Getting Eyefinity to work is simplicity itself. Boot up with one monitor installed, plug the other two in and tick the Eyefinity box in the drivers. All very simple. AMD have gone a slightly curious route with needing to set programs to work on certain monitors and there definitely is, as always, room for improvement. Although AMD/ATI drivers are nowhere near as bad as they used to be, there is certainly a few areas that they could adjust. Whether the foundation of the Catalyst Control Centre is capable of a fundamental change or if AMD will need a wholesale makeover remains to be seen. Certainly for the average end-user there are ways in which they could make it more user friendly.

How games take advantage of the Eyefinity is a little hit and miss. Black Ops went for just stretching a basic image wider and Crysis Warhead had a definite fish-eye quality to it, but otherwise all the games we tested did exactly what you’d expect from having an extra screen either side, and that’s give you more peripheral vision.

Speaking of the screens, credit has to go to Iiyama for providing us with the necessary monitors. The Prolite E2473HDS had rich colour and even brightness thanks to its LED backlighting. Even being off to the side at an angle the picture rendition remained sharp and we didn’t even need to calibrate them. Such consistency is a sure sign of a strict manufacturing process.

So are there any down sides? Sadly, like everything, there are and it’s the same problem that we had when we first reviewed the HD6990 back in March. Unfortunately the reference cooler is woeful, being almost wholly unable to keep the temperatures in check without spinning up to intolerably loud levels.
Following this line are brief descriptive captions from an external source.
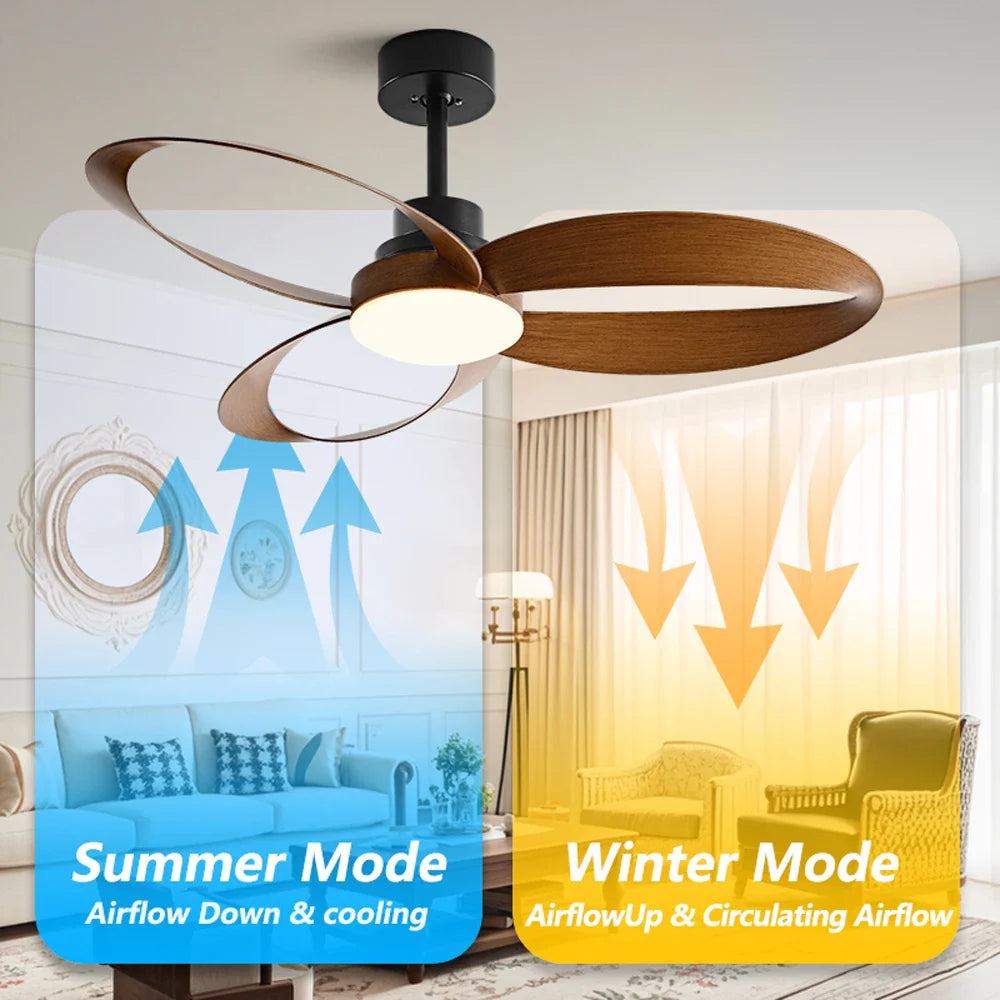 Ventilateur de plafond LED design, lumière pour salon ou chambre moderne, ventilation silencieuse.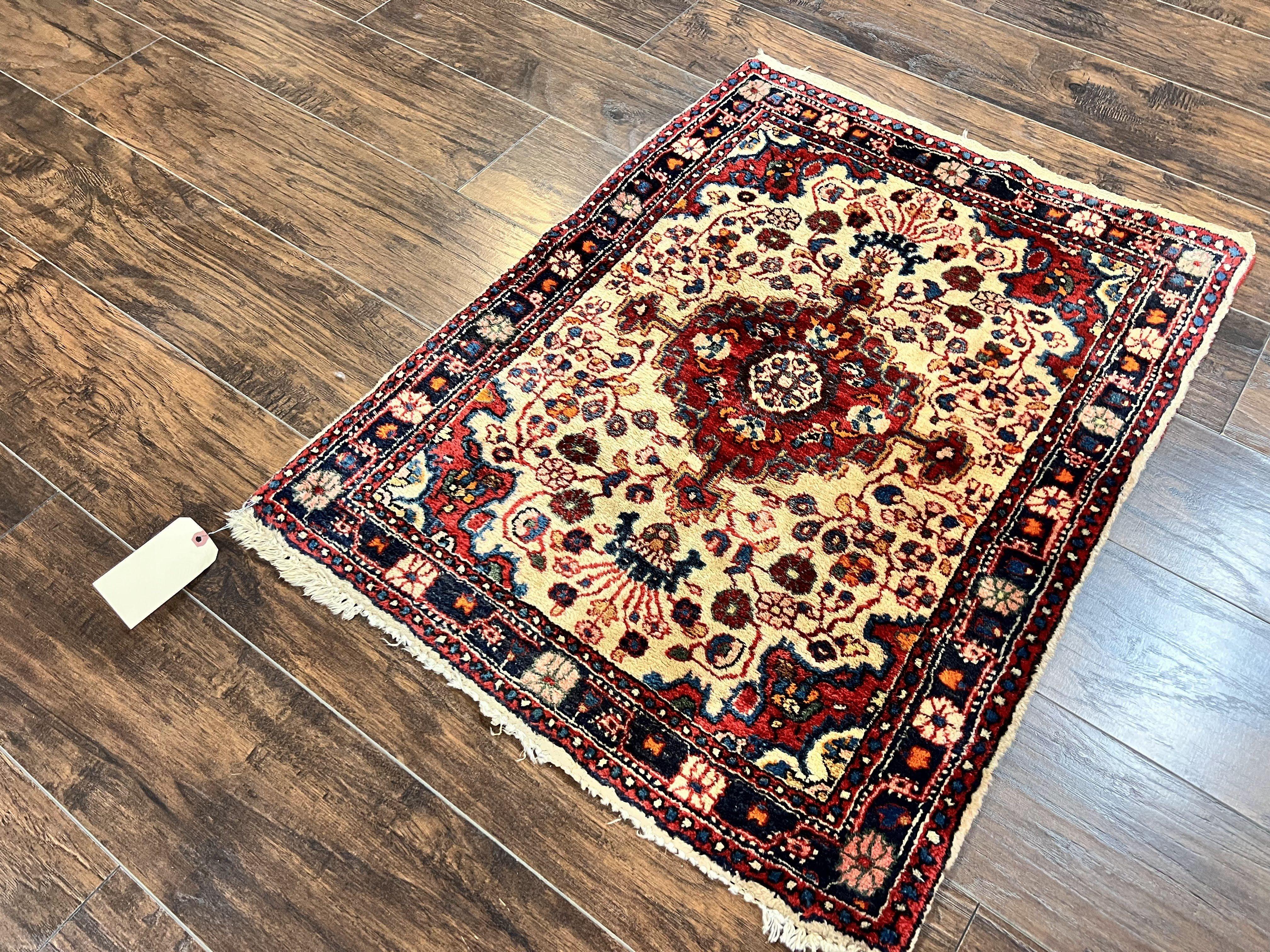 Persian Sarouk Rug 2x3, Antique Wool Hand Knotted Carpet, Cream/Ivory & Red, Small Floral Medallion Rug, Handmade Oriental Carpet - Jewel Rugs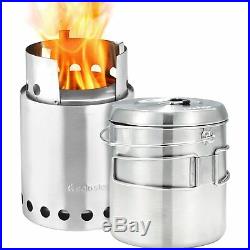 TITAN by Solo Stove Combo Kit twig burning gasifier Large stove & Pot 1800 Set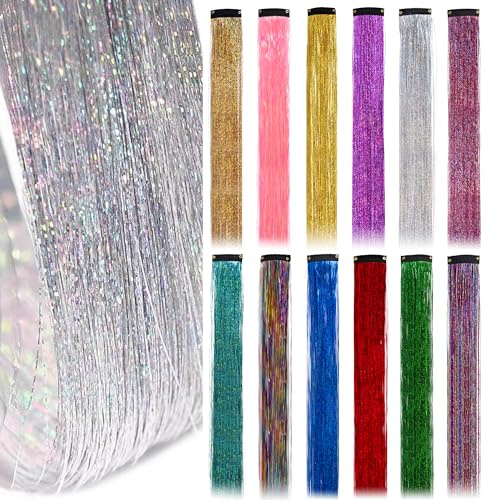 Dalababa Hair Extensions Set, Glitter Shiny Straight Coloured Clip In Highlights Accessories for Women Girls Kids Cosplay Halloween Party Crazy Hair Day - 12 Colours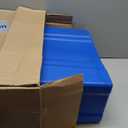 United Solutions 23 Gallon Highboy Plastic Recycling Bin Kitchen Trash Can with Lid, Pass Through Handles, and Dustpan Edge, Blue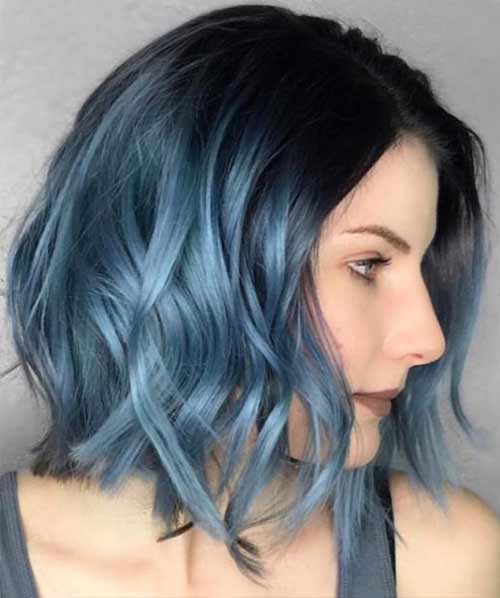 Couleur de cheveux bleu denim ombré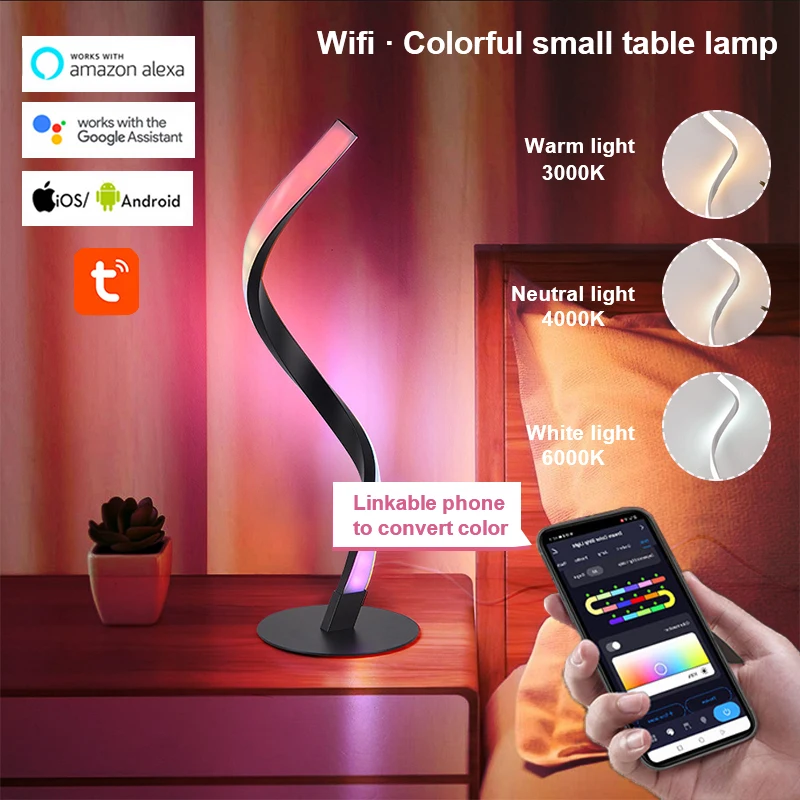 Rgb Led Smart  Light Colorful Creative Modern Table Lamp Dimmable Bedroom Hotel Bedside Lamp Decor Tiktok Atmosphere Night Light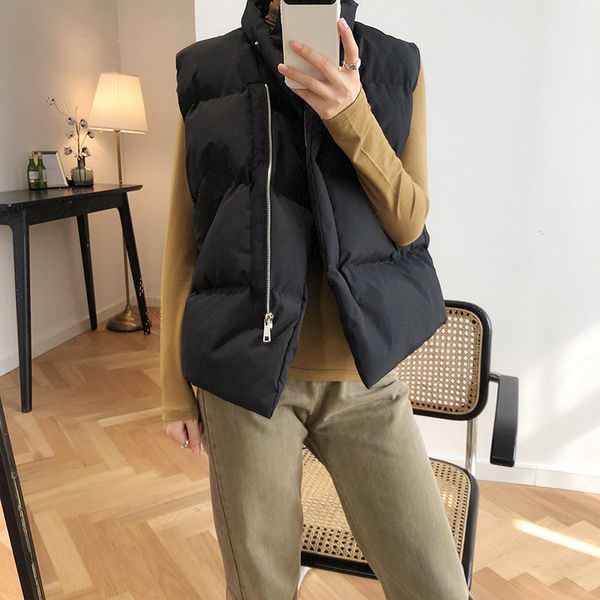 winter thick warm cotton vest women 2019 stand collar sleeveless clothes short waistcoat modern stylish female heated loose vest, Black;white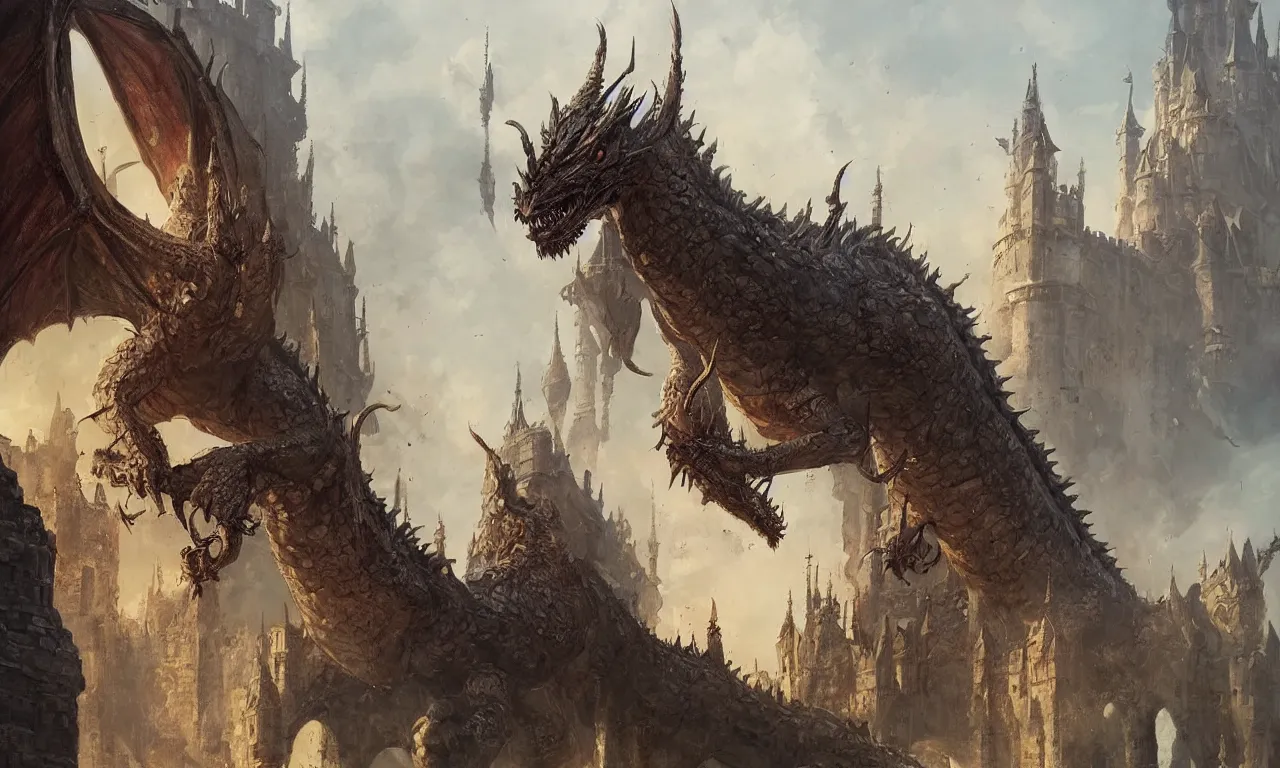 Image similar to dragon infront of a castle, illustration painting, oil on canvas, intricate, detailed illustration, hd, digital art, overdetailed art, concept art, detailed, illustration painting by greg rutkowski, digital art, overdetailed art, concept art,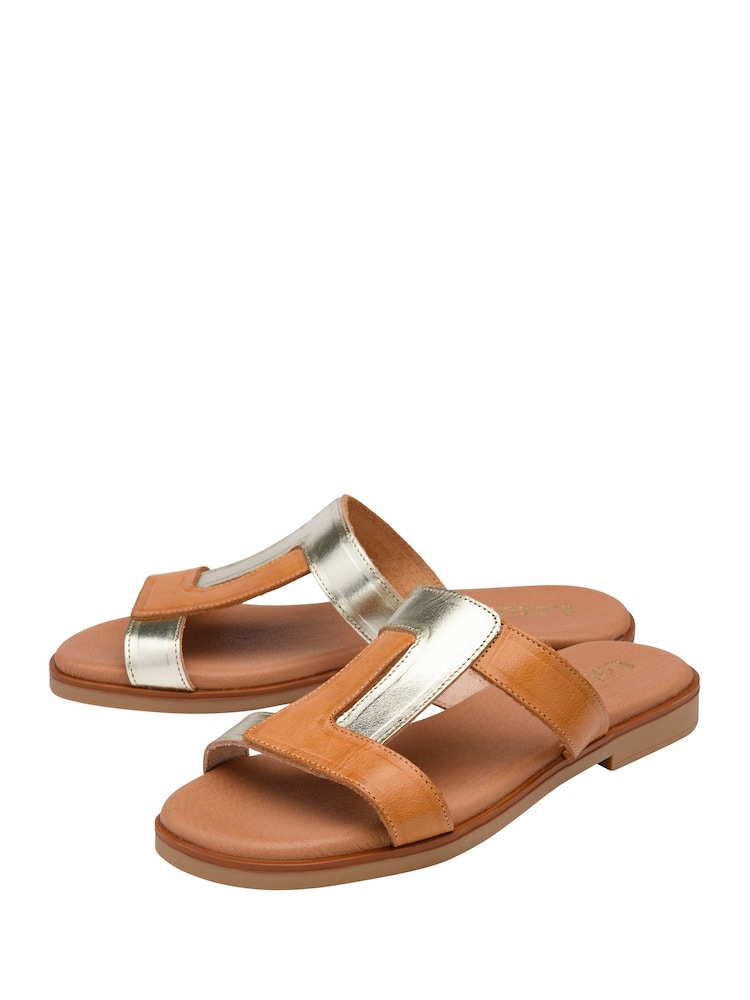 Lotus Brown Leather Mule Sandals - Image 2 of 4 Lotus Brown Leather Mule Sandals - Image 2 of 4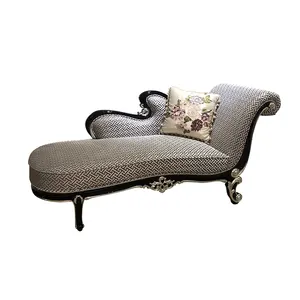 MO LAN European style bedroom warm grey cloth art solid wood beauty couch living room sofa noble concubine chair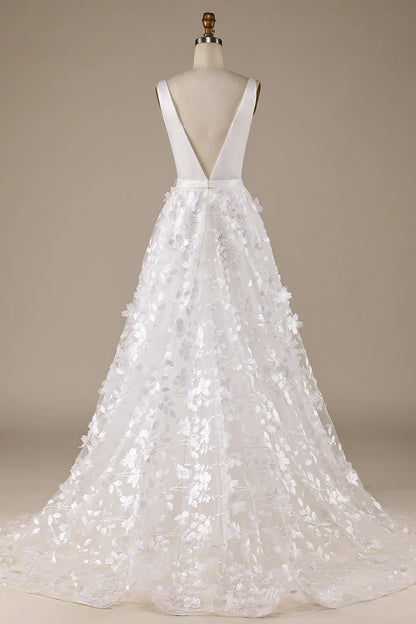 Wholesale Ivory A-Line V-Neck Wedding Dress with 3D Flowers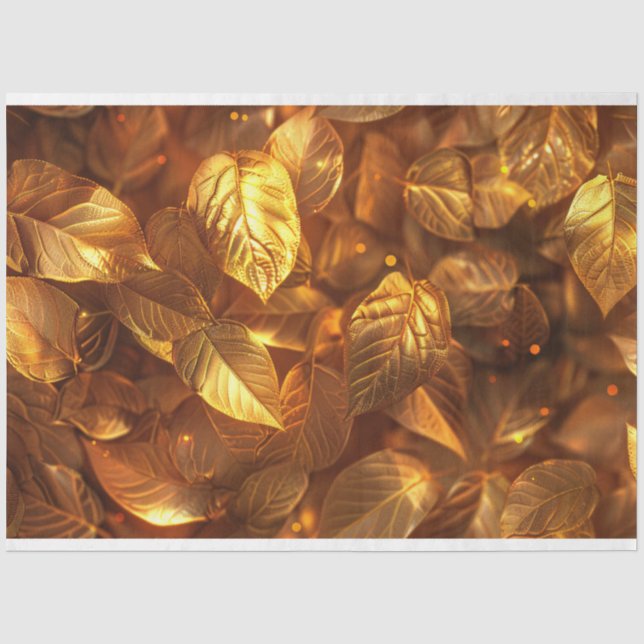 Papier Mousseline Découpage de feuilles dorées (Recto)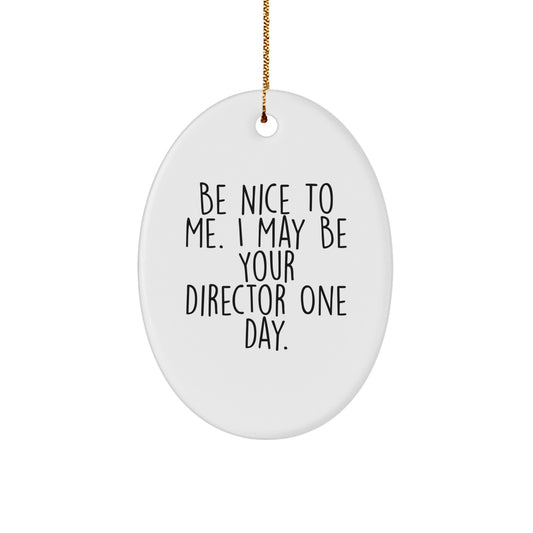 Funny Director Oval Ornament - Gifts from Friends to Director for Christmas Unique Gifts - Image 1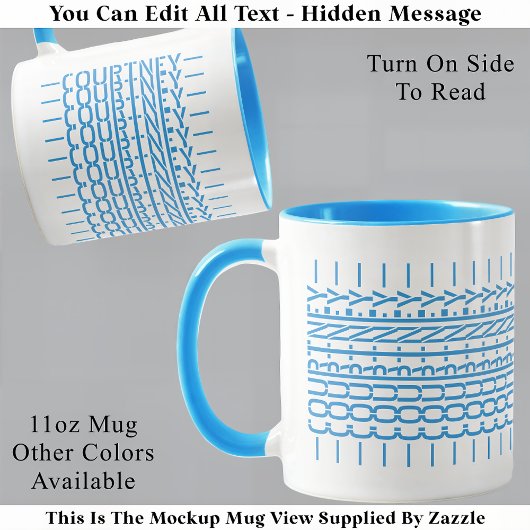 Tasse tendance avec message caché et nom en bleu 1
Whilst this isn’t a problem that affects the HIS HD6990 alone, nonetheless by choosing to stick with the reference design it retains those same issues.

Thankfully the eye-watering price has come down some in the intervening months and so it’s just over the £500 mark instead of being £600. A huge amount of performance for the money.

That immense performance is enough to give the HIS Digital our OC3D Performance award.